Extracted records
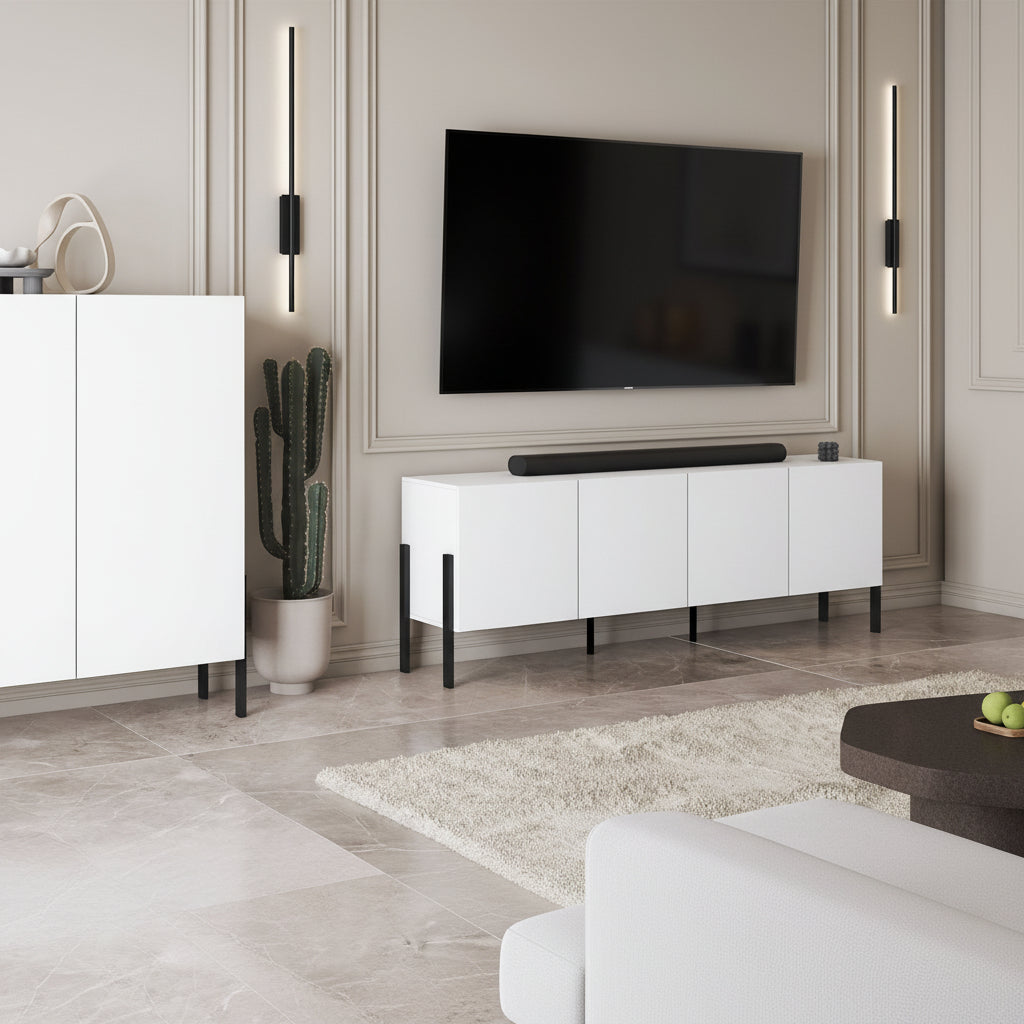 Meuble TV 4 portes 200 cm Bérénice Blanc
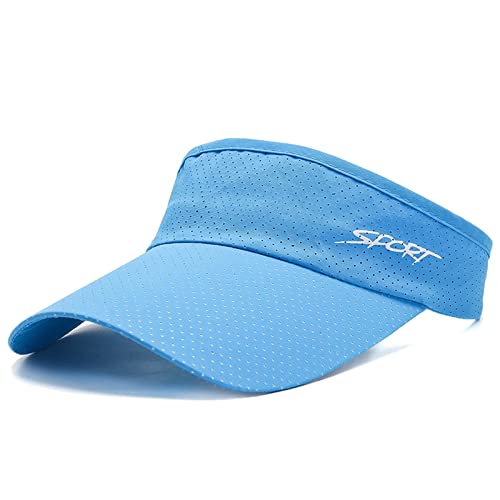 TRADERPLUS Sports Sun Visors Adjustable Empty Top Baseball Cap Breathable Quick Dry Golf Visor with UV Protection for Men Women (Blue)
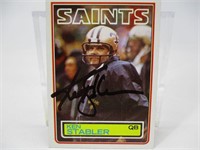Ken Stabler Autographed Football Card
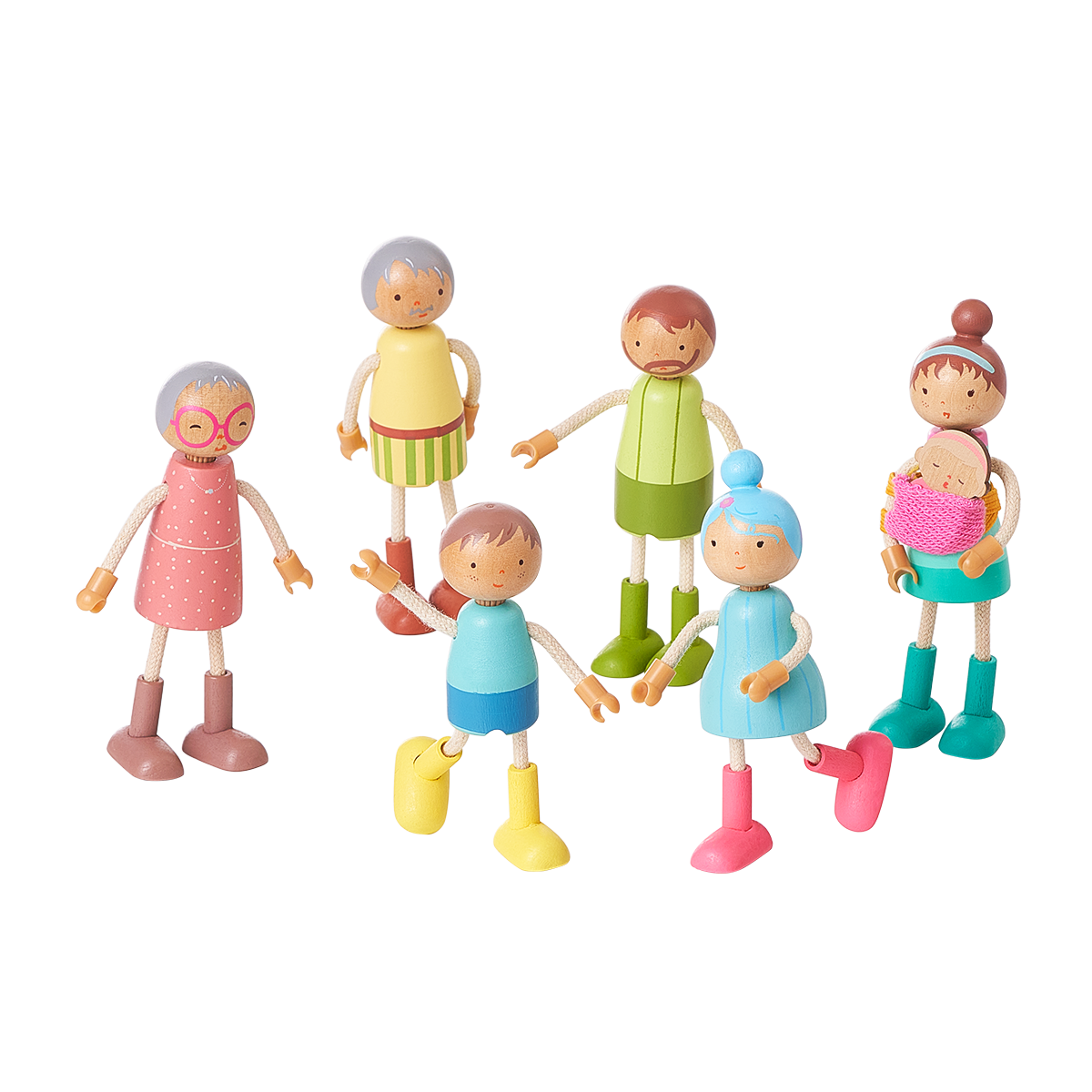 Wooden Dollhouse Family Dolls Set of 7 Ages 3+ | Giant Bean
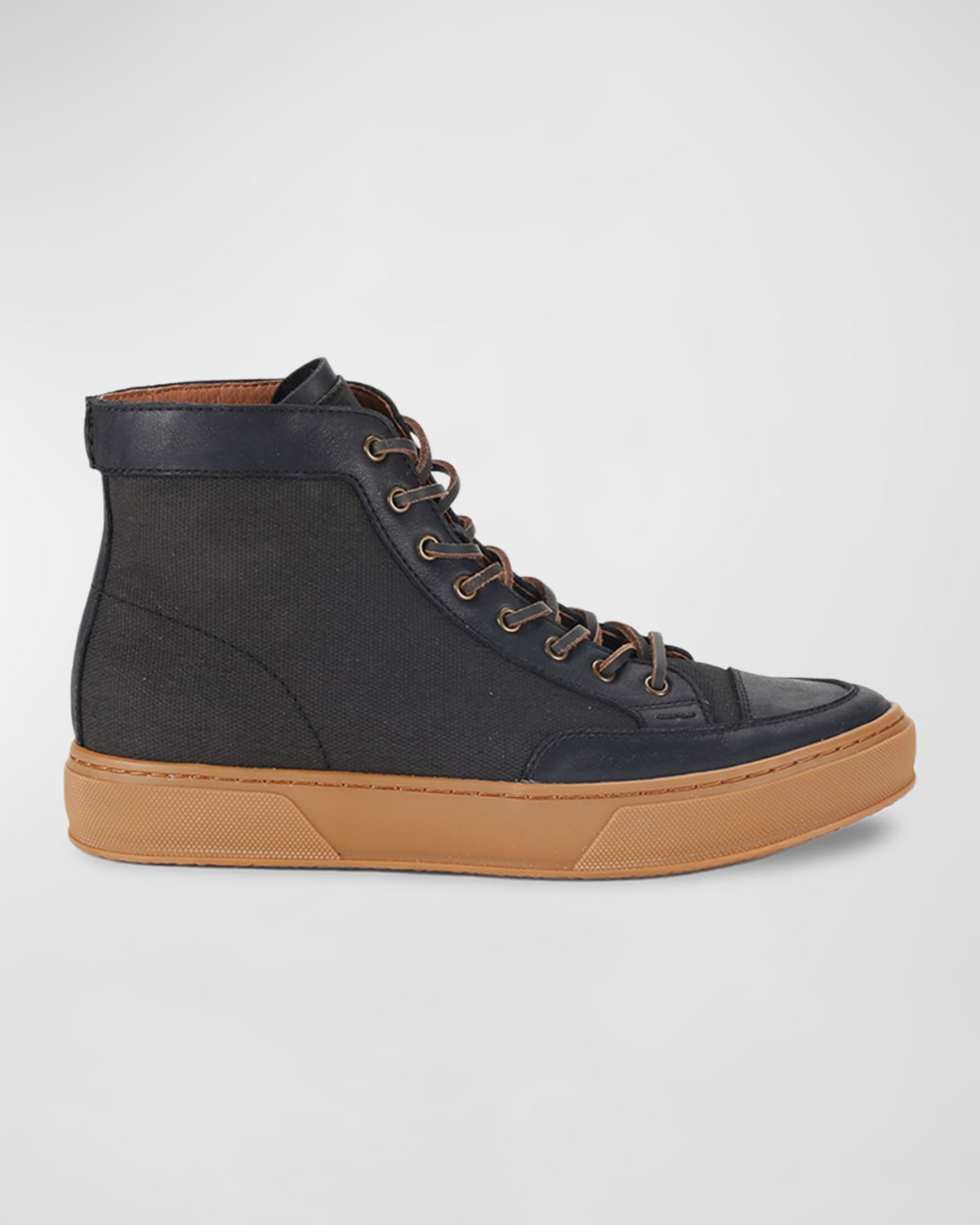 Shop Frye Men's Hoyt Leather Mid-top Sneakers In Black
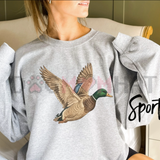 Flying Mallard Graphic Top - Vintage Outdoor Waterfowl Sweatshirt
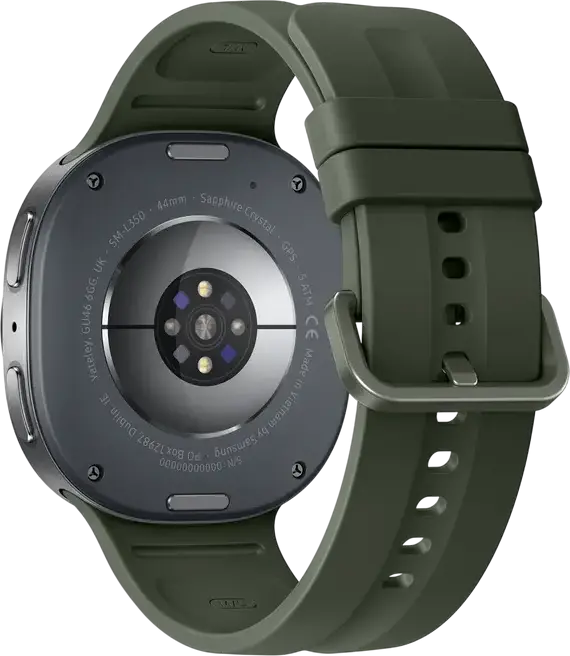 Smartwatch Samsung Galaxy Watch 9 SM-L350, 44mm Argintiu/Verde Armor Aluminum 2, Cristal Safir, Snapdragon SW6100 Wear Elite, 2GB RAM, 32GB, LTE, Wear OS 7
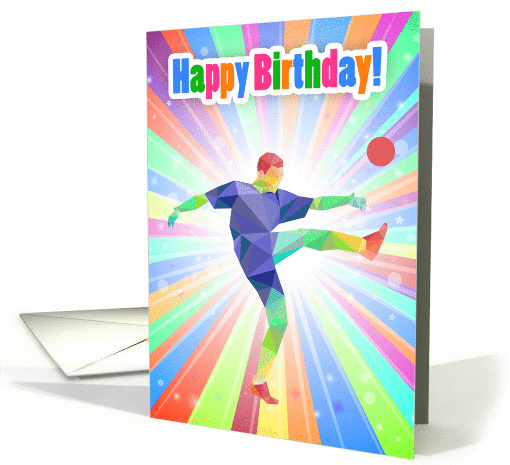 Soccer / Football Player Birthday Colorful Abstract Pattern card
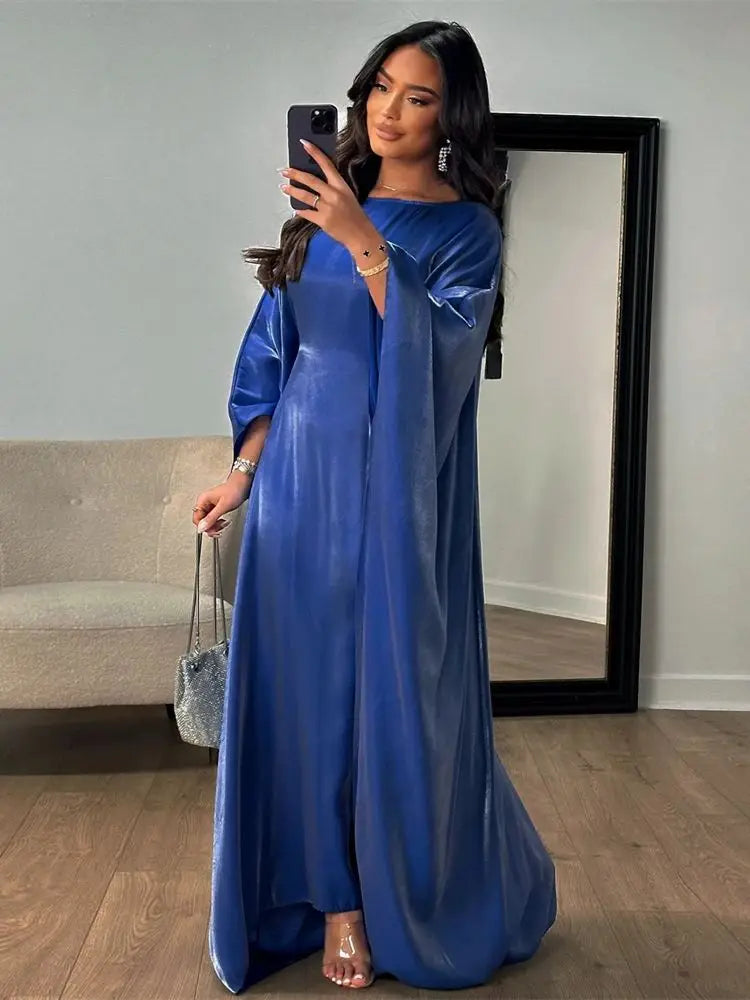 Batwing Butterfly Satin Abaya Dubai Luxury Muslim Kaftan Maxi Dress Abayas For Women Kebaya Robe Caftan Marocain Femme Vestidos
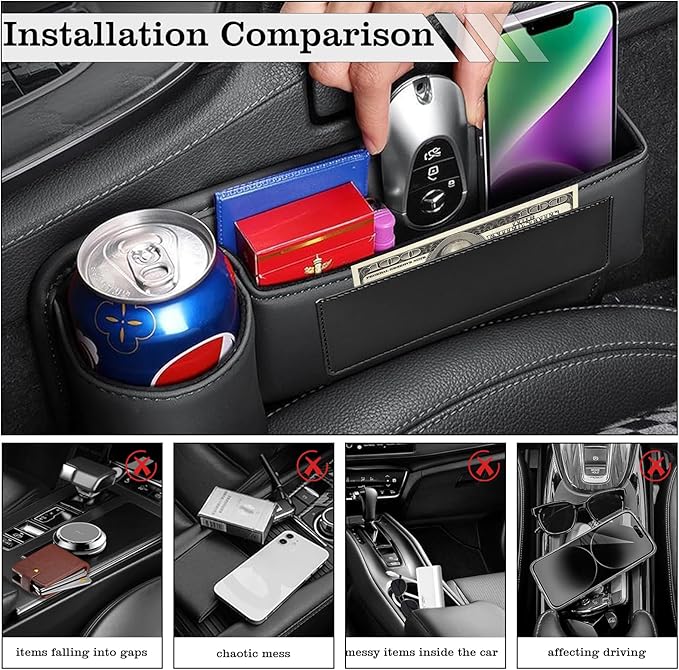 TESHITVLOG 2 Pack Car Seat Gap Filler Organizer, with Cup Holder and Storage, for Car, SUV, Truck - Holds Keys, Cards, Phone, Sunglasses and Small Items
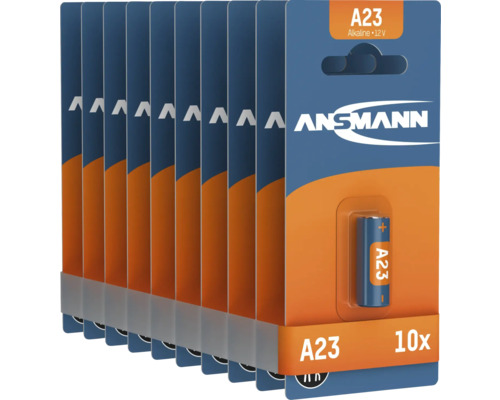 Zehn Ansmann A23 Alkaline Batterien mit 12 Volt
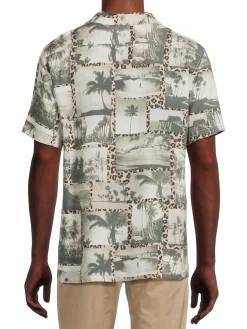 Industry Casual Button-Down Shirts|Leopard Print Palm Tree Camp Shirt Grey Multicolor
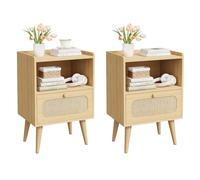 YOUDENOVA Table de Chevet Bois avec Rotin, Table de Nuit avec Tiroir et Étagère Ouverte, Table d'Appoint Poignée Ronde en Bois, Table Basse pour Salon Chambre Bureau, Rustique Naturel (2, Naturel)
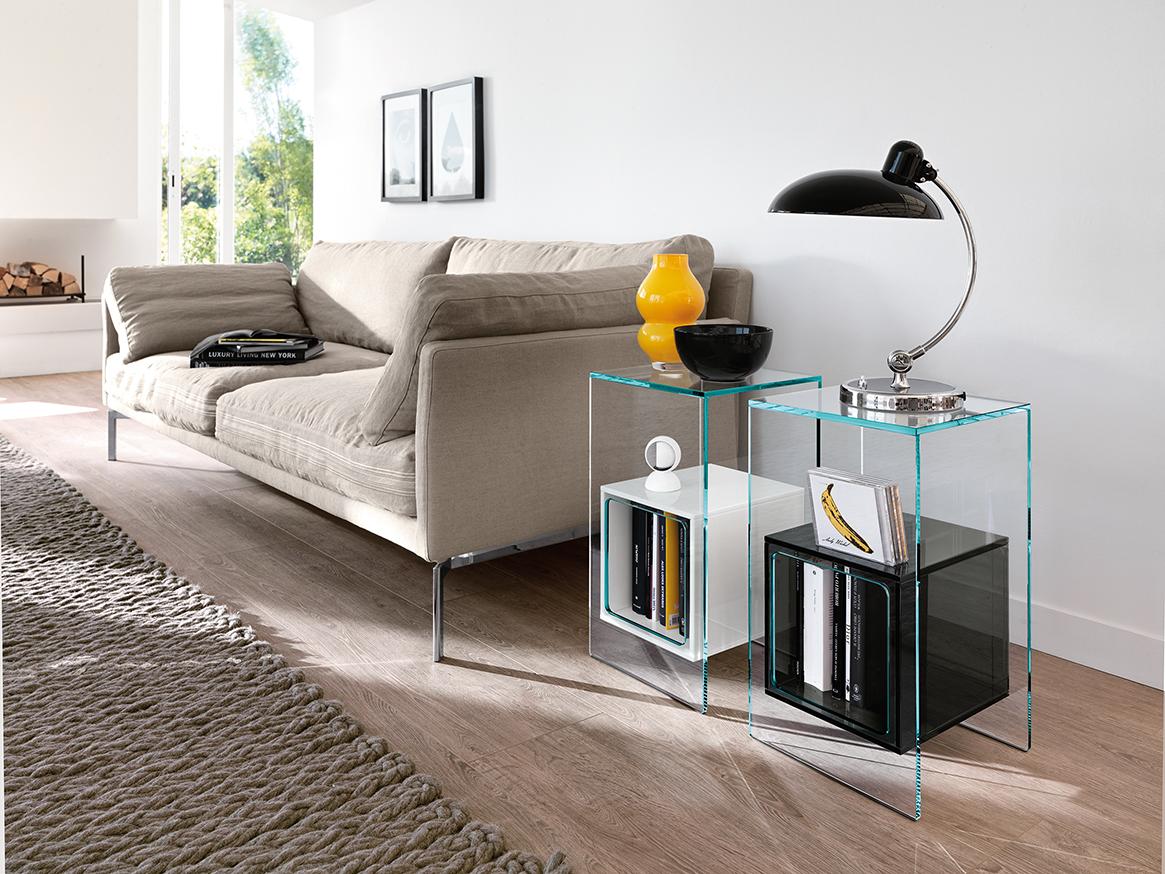 Italian Fiam Magique MQ/32XB Coffee Table in Glass with Opal White Cube, by Studio Klass For Sale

◆ **WHAT TO DO**
Write out the entries above in full and exactly; no pictures.

◆ **TASK ANSWER**
 Meuble TV 4 portes 200 cm Bérénice Blanc
 TRADERPLUS Sports Sun Visors Adjustable Empty Top Baseball Cap Breathable Quick Dry Golf Visor with UV Protection for Men Women (Blue)
Ken Stabler Autographed Football Card
 Wooden Dollhouse Family Dolls Set of 7 Ages 3+ | Giant Bean
 Shop Frye Men's Hoyt Leather Mid-top Sneakers In Black
 Flying Mallard Graphic Top - Vintage Outdoor Waterfowl Sweatshirt
 Smartwatch Samsung Galaxy Watch 9 SM-L350, 44mm Argintiu/Verde Armor Aluminum 2, Cristal Safir, Snapdragon SW6100 Wear Elite, 2GB RAM, 32GB, LTE, Wear OS 7
 Soccer / Football Player Birthday Colorful Abstract Pattern card
 Batwing Butterfly Satin Abaya Dubai Luxury Muslim Kaftan Maxi Dress Abayas For Women Kebaya Robe Caftan Marocain Femme Vestidos
 TESHITVLOG 2 Pack Car Seat Gap Filler Organizer, with Cup Holder and Storage, for Car, SUV, Truck - Holds Keys, Cards, Phone, Sunglasses and Small Items
 Zehn Ansmann A23 Alkaline Batterien mit 12 Volt
 Industry Casual Button-Down Shirts|Leopard Print Palm Tree Camp Shirt Grey Multicolor
 YOUDENOVA Table de Chevet Bois avec Rotin, Table de Nuit avec Tiroir et Étagère Ouverte, Table d'Appoint Poignée Ronde en Bois, Table Basse pour Salon Chambre Bureau, Rustique Naturel (2, Naturel)
 Italian Fiam Magique MQ/32XB Coffee Table in Glass with Opal White Cube, by Studio Klass For Sale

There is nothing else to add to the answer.